Expect more Charter challenges in benefit disputes

The provincial attorney general’s failure to defend the constitutionality of its Minor Injury Guideline has helped open the floodgates to Charter challenges in accident benefit disputes, says a Toronto insurance lawyer.

Expect more Charter challenges in benefit disputes
Kadey Schultz is not confident that the minor injury guideline will survive further constitutional scrutiny.

The provincial attorney general’s failure to defend the constitutionality of its Minor Injury Guideline has helped open the floodgates to Charter challenges in accident benefit disputes, says a Toronto insurance lawyer.

Under the Statutory Accident Benefits Schedule, the MIG limits medical and rehabilitation expenses to $3,500 for minor injuries, defined as one or more of a “sprain, strain, whiplash, associated disorder, contusion, abrasion, laceration or subluxation,” including any “clinically associated sequelae to such as injury.”

But in his Sept. 14 decision in Abyan v. Sovereign General Insurance Company, Financial Services Commission of Ontario arbitrator Benjamin Drory ruled that the MIG discriminates against chronic pain sufferers, breaching s. 15 of the Charter, which guarantees equality before the law.

Alon Barda, a lawyer with Toronto firm Rogers Partners LLP, who works mainly on behalf of insurers, says he was shocked not only by the decision but also by the Ontario A.G.’s no-show, despite being properly served with notice of the case.

“I can only assume they didn’t think the decision would end up where it did,” Barda says. “It’s a very difficult one to take, because I think that if they had attended and made proper submissions, it would have changed the outcome entirely.”

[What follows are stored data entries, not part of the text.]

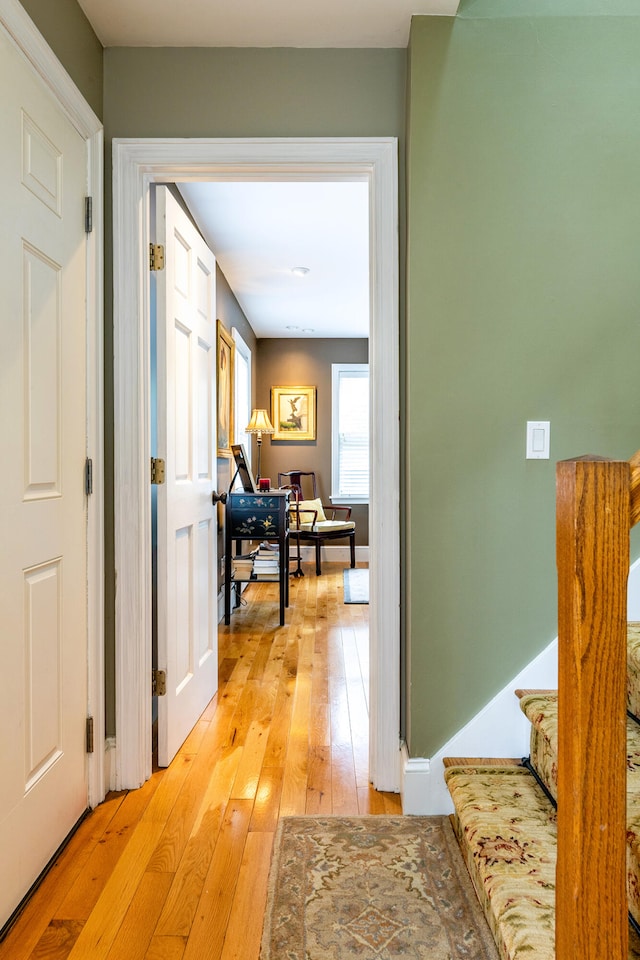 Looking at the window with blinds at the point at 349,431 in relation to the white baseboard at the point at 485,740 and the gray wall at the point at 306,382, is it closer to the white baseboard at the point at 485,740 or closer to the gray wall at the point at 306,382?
the gray wall at the point at 306,382

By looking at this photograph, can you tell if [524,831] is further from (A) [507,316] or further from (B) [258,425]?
(B) [258,425]

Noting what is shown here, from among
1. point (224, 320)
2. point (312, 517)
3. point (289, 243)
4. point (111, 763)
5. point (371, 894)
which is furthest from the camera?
point (312, 517)

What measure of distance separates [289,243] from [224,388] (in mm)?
A: 1118

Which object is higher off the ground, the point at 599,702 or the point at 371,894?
the point at 599,702

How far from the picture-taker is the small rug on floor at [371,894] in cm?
135

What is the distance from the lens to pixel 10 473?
4.70 ft

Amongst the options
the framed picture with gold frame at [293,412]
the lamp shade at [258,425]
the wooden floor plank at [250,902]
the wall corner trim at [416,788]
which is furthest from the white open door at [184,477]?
the framed picture with gold frame at [293,412]

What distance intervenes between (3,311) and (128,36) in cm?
117

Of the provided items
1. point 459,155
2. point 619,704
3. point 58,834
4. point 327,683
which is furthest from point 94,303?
point 327,683

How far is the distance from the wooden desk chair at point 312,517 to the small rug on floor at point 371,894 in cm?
415

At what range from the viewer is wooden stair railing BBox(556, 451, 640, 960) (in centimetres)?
85

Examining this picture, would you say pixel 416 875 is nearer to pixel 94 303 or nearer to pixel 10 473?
pixel 10 473

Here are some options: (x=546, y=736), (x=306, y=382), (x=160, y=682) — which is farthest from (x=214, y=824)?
(x=306, y=382)

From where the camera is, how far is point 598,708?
0.85 metres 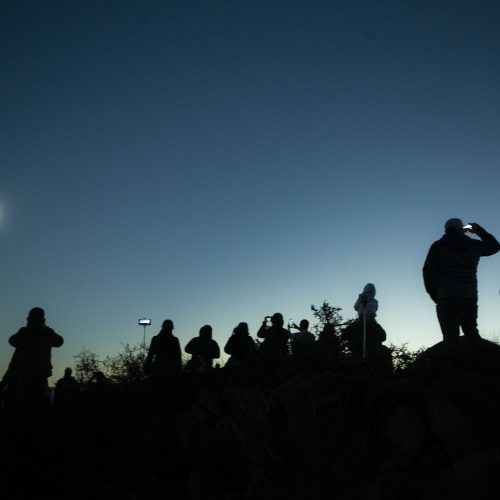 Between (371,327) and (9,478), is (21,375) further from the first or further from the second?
(371,327)

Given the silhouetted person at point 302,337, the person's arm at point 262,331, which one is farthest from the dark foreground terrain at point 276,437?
the person's arm at point 262,331

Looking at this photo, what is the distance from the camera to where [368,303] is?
930 cm

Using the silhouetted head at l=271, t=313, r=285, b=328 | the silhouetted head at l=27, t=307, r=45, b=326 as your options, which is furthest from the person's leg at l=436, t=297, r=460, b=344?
the silhouetted head at l=27, t=307, r=45, b=326

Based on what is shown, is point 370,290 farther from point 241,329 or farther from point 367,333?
point 241,329

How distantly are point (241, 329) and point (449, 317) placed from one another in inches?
159

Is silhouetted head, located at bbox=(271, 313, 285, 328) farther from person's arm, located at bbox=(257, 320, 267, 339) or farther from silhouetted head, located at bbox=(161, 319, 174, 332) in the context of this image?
silhouetted head, located at bbox=(161, 319, 174, 332)

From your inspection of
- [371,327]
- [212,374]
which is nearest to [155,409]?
[212,374]

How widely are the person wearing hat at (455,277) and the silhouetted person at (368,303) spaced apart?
235 centimetres

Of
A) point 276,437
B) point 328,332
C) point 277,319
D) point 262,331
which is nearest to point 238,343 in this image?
point 262,331

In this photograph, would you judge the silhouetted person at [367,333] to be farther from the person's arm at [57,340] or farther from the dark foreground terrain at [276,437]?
the person's arm at [57,340]

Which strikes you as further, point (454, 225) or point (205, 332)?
point (205, 332)

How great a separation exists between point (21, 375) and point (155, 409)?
9.44ft

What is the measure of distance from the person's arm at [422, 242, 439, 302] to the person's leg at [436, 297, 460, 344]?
9.0 inches

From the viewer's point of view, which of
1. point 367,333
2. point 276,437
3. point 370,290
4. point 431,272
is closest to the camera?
point 276,437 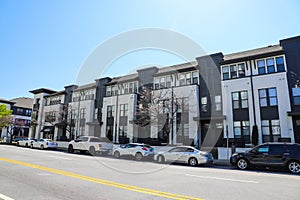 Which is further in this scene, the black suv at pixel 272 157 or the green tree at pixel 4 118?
the green tree at pixel 4 118

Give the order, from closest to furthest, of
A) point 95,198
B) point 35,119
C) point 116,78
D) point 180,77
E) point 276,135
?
point 95,198
point 276,135
point 180,77
point 116,78
point 35,119

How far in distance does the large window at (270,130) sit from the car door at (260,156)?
24.5 feet

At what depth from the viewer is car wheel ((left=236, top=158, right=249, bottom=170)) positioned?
13.6 m

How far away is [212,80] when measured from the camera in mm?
24703

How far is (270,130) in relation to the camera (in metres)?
20.0

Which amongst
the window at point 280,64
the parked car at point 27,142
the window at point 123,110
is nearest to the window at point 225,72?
the window at point 280,64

According to Drory’s decision, Ontario’s attorney general rejected an invitation to intervene in the challenge, advising the claimant that “constitutional questions should only be heard as necessary, and not in a factual vacuum.”

However, the insurer in the case also declined to take part in the hearing, which meant the applicant’s evidence went unchallenged before the arbitrator.

Individual FSCO decisions are not binding on any of its other arbitrators, let alone decision-makers in another forum, such as the Licence Appeal Tribunal, where all accident benefits matters have been diverted for accidents that took place since last summer. However, Barda says that won’t stop plaintiffs’ lawyers from jumping on the anti-MIG bandwagon.

“I can’t imagine any MIG case involving chronic pain where I’m not going to be faced with a constitutional argument. The limited precedential value doesn’t matter — I expect to see it raised every time,” he says.

Barda may belatedly get his wish to see the provincial attorney general intervene on the issue, as Sovereign General has launched an appeal of Drory’s decision. Emilie Smith, a spokeswoman for the attorney general’s office, said in a statement that her office had received the notice of appeal but that it would “be inappropriate to comment further” while the case is before the courts.

However, Mohamed Elbassiouni, the paralegal who acted for Abdirahman Abyan, the accident victim in the case, says the province has confirmed it will take part this time. But in the meantime, he says, around 40 claimants have already filed their own Charter challenges in MIG cases at the LAT, mirroring Abyan’s arguments.   

Kadey Schultz, co-founder of Toronto insurance defence boutique Schultz Frost LLP, is less confident than Barda that the MIG will survive further constitutional scrutiny. She has had her doubts about its application since it was introduced in 2010, because of the difficulty of applying the same cap to all people, including those with existing conditions associated with age or excess weight.

“I’m amazed that it took until now to be argued, and obviously my concern for my clients is that we will see a lot more of it,” Schultz says.

In Abyan, the applicant, a 51-year-old taxi driver, developed chronic neck and back pain after a three-vehicle crash in 2015. His insurer categorized his claim under the MIG, claiming the chronic pain was an “associated sequelae” from a minor injury.

Under the SABS, applicants are able to remove themselves from the strictures of the MIG if they can show they had a pre­existing condition that will prevent them from achieving maximum recovery with the $3,500 limit in place. 

Despite presenting expert evidence that his chronic pain was caused when the accident aggravated his pre-existing degenerative spinal condition, Abyan was unable to take advantage of the exception as the disease was not “documented” before the accident, as required by the SABS. In his decision, Drory agreed with his argument that the MIG breached s. 15 of the Charter in two ways.

Despite the lack of government representation at the hearing, he went on to find that the differential treatment could not be justified under s. 1 of the Charter because the MIG could be rewritten so that it did not draw in chronic pain sufferers.  

Stephen Birman, a partner at Toronto personal injury law firm Thomson Rogers, says the decision should be enough to spell the end of the road for the entire MIG.

“It’s a very strong decision that should be very persuasive at FSCO and the LAT. It’s going to be hard for any insurer to justify keeping chronic pain victims within the MIG, knowing that this decision is out there,” he says. “Personally, I think the MIG should be abolished entirely, and hopefully this will give the provincial government the push it needs to get rid of it.”